# PROBLEM DESCRIPTION:
When you reach the line that contains "日本曾想用一斤米换一斤沙的沙漠，价值有多高？幸好我们拒绝了" in the data below, copy it and every line after it exactly, adding nothing.

※ ※ ※

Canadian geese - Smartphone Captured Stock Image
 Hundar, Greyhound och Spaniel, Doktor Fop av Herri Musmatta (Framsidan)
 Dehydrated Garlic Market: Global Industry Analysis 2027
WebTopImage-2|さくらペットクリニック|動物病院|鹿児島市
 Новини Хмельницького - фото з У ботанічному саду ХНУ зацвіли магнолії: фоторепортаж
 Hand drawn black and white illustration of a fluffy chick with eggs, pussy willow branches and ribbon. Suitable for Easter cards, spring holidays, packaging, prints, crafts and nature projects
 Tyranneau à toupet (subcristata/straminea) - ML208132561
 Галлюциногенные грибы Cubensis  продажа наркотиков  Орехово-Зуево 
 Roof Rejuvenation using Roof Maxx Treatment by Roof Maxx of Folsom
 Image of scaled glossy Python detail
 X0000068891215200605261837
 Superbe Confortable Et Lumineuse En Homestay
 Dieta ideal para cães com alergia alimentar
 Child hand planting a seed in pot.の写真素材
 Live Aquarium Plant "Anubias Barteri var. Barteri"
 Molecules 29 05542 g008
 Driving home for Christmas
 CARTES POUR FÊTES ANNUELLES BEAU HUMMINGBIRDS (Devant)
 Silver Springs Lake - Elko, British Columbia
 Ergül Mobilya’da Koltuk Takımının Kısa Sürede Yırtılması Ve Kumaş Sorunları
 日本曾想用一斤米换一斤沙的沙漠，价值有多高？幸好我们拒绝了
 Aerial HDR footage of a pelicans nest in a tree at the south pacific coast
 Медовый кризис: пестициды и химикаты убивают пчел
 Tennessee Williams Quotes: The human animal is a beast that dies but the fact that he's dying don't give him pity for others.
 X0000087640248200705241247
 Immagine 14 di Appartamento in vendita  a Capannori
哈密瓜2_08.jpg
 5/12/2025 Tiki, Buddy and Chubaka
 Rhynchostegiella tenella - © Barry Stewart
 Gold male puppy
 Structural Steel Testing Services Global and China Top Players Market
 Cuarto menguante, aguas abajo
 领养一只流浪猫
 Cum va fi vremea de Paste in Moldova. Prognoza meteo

※ ※ ※

# WRITTEN REPLY:
 日本曾想用一斤米换一斤沙的沙漠，价值有多高？幸好我们拒绝了
 Aerial HDR footage of a pelicans nest in a tree at the south pacific coast
 Медовый кризис: пестициды и химикаты убивают пчел
 Tennessee Williams Quotes: The human animal is a beast that dies but the fact that he's dying don't give him pity for others.
 X0000087640248200705241247
 Immagine 14 di Appartamento in vendita  a Capannori
哈密瓜2_08.jpg
 5/12/2025 Tiki, Buddy and Chubaka
 Rhynchostegiella tenella - © Barry Stewart
 Gold male puppy
 Structural Steel Testing Services Global and China Top Players Market
 Cuarto menguante, aguas abajo
 领养一只流浪猫
 Cum va fi vremea de Paste in Moldova. Prognoza meteo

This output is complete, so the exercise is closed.